Why verification matters in network-on-chip (NoC) design

While NoCs are designed to be efficient at data transmission via routing, they often encounter deadlocks and livelocks. The post Why verification matters in network-on-chip (NoC) design appeared first on EDN.

Electronics May 21, 2024 0 78 Add to Reading List

Why verification matters in network-on-chip (NoC) design

In the rapidly evolving semiconductor industry, keeping pace with Moore’s Law presents opportunities and challenges, particularly in system-on-chip (SoC) designs. Notably, the number of transistors in microprocessors soared to an unprecedented trillion.

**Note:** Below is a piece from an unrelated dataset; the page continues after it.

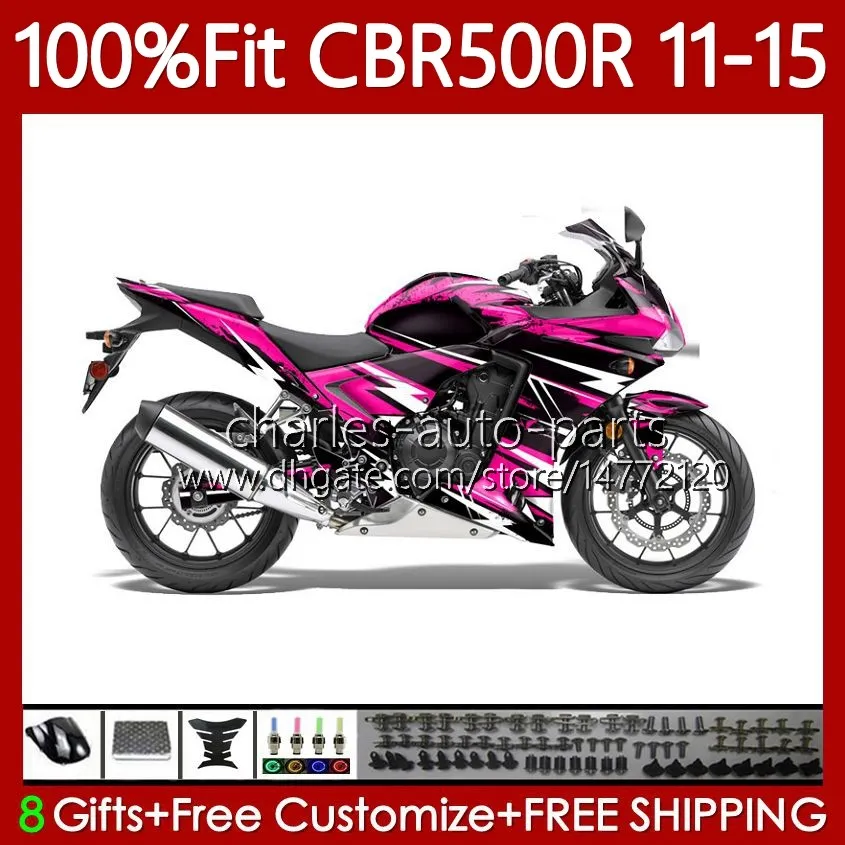 Kit de feiras de OEM para Honda CBR 500 R CC 500R RR 2012 2012 2013 2014 2015 corpo 126NO.86 CBR500Rr Rosa Preto CBR500 RR 11-15 CBR500R 11 12 13 14 15 Modelo de Injeção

Therefore, as modern applications demand increasing complexity and functionality, improving transistor usage efficiency without sacrificing energy efficiency has become a key goal. Thus, the network-on-chip (NoC) concept has been introduced, a solution designed to address the limitations of traditional bus-based systems by enabling efficient, scalable, and flexible on-chip data transmission.

Designing an NoC involves defining requirements, selecting an architecture, choosing a routing algorithm, planning the physical layout, and conducting verification to ensure performance and reliability. As the final checkpoint before a NoC can be deemed ready for deployment, a deadlock/livelock-free system can be built, increasing confidence in design verification.

In this article, we will dive deeper into a comprehensive methodology for formally verifying an NoC, showcasing the approaches and techniques that ensure our NoC designs are robust, efficient, and ready to meet the challenges of modern computing environments.

Emergence of network-on-chip

NoCs have revolutionized data communications within SoCs by organizing chip components into networks that facilitate the simultaneous transmission of data through multiple paths.

The network consists of various elements, including routers, links, and network interfaces, which facilitate communication between processing elements (PEs) such as CPU cores, memory blocks, and other specialized IP cores. Communication occurs through packet-switched data transmission where data is divided into packets and routed through the network to its destination.

One overview of the complexity of SoC design emphasizes the integration of multiple IP blocks and highlights the need for automated NoC solutions across different SoC categories, from basic to advanced. It advocates using NoCs in SoC designs to effectively achieve optimal data transfer and performance.

At the heart of NoC architecture are several key components:

Links: Bundles of wires that transmit signals.
Switches/routers: Devices routing packets from input to output channels based on a routing algorithm.
Channels: Logical connections facilitating communication between routers or switches.
Nodes: Routers or switches within the network.
Messages and packets: Units of transfer within the network, with messages being divided into multiple packets for transmission.
Flits: Flow control units within the network, dividing packets for efficient routing.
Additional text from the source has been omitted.